WORK INSTRUCTIONS => Look through the material below. Return exactly the lines from the one with "ICE-WATCH | ICE-WATCH" through the one with "包邮兴达透气王T628尼龙乳胶柔软耐磨防水舒适劳保防护胶手套", both included.

SUPPLIED RECORDS =>
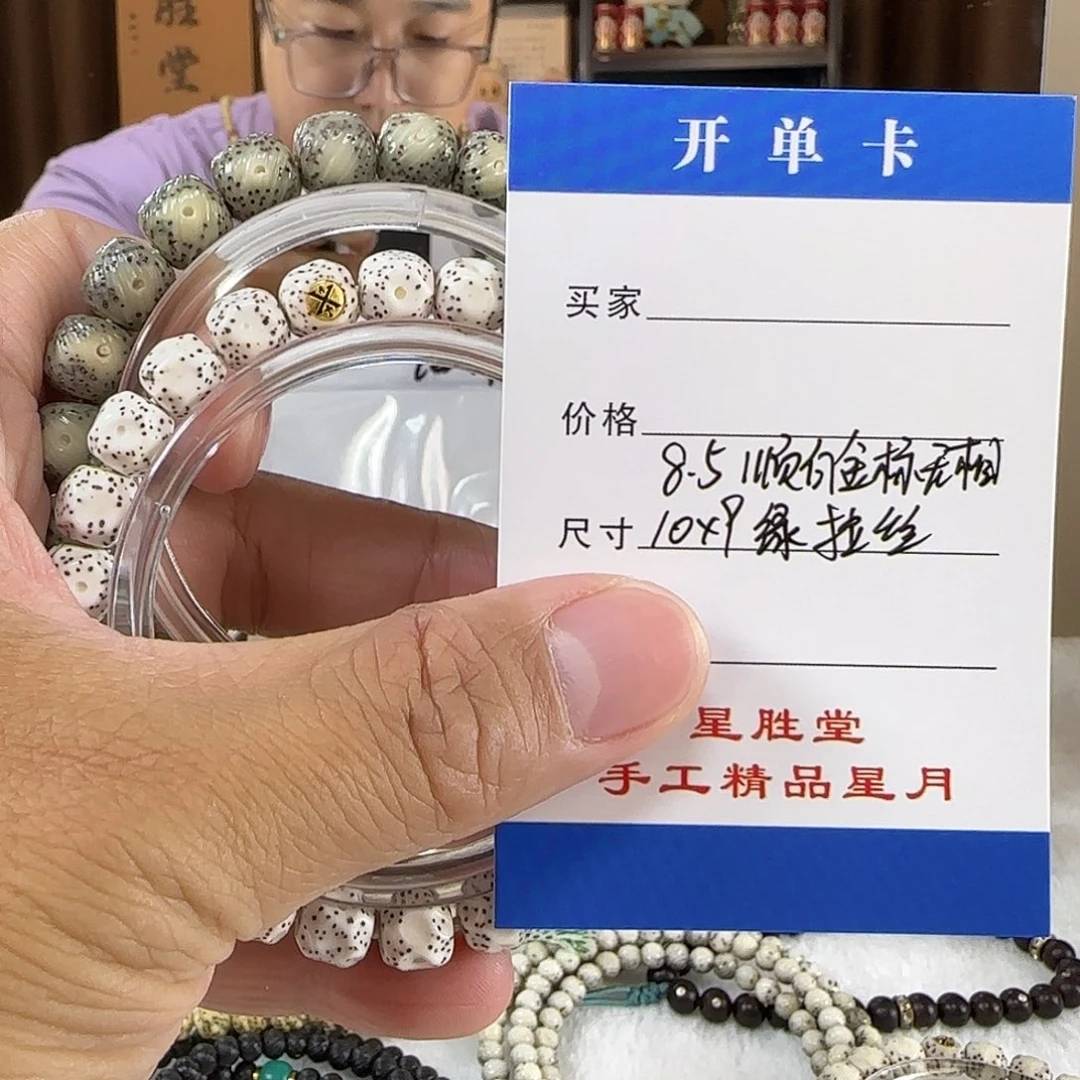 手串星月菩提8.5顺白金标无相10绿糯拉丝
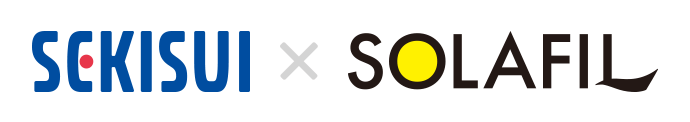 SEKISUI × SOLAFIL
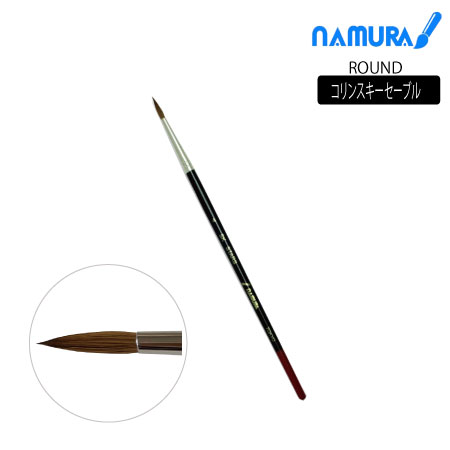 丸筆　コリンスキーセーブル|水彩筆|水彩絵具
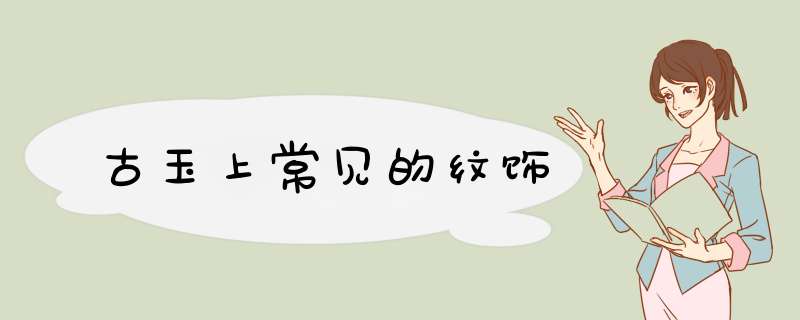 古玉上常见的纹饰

==

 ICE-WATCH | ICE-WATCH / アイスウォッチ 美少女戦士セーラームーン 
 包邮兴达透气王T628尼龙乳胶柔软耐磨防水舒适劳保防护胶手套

OUTPUT OF THE EXERCISE =>
 ICE-WATCH | ICE-WATCH / アイスウォッチ 美少女戦士セーラームーン 
 包邮兴达透气王T628尼龙乳胶柔软耐磨防水舒适劳保防护胶手套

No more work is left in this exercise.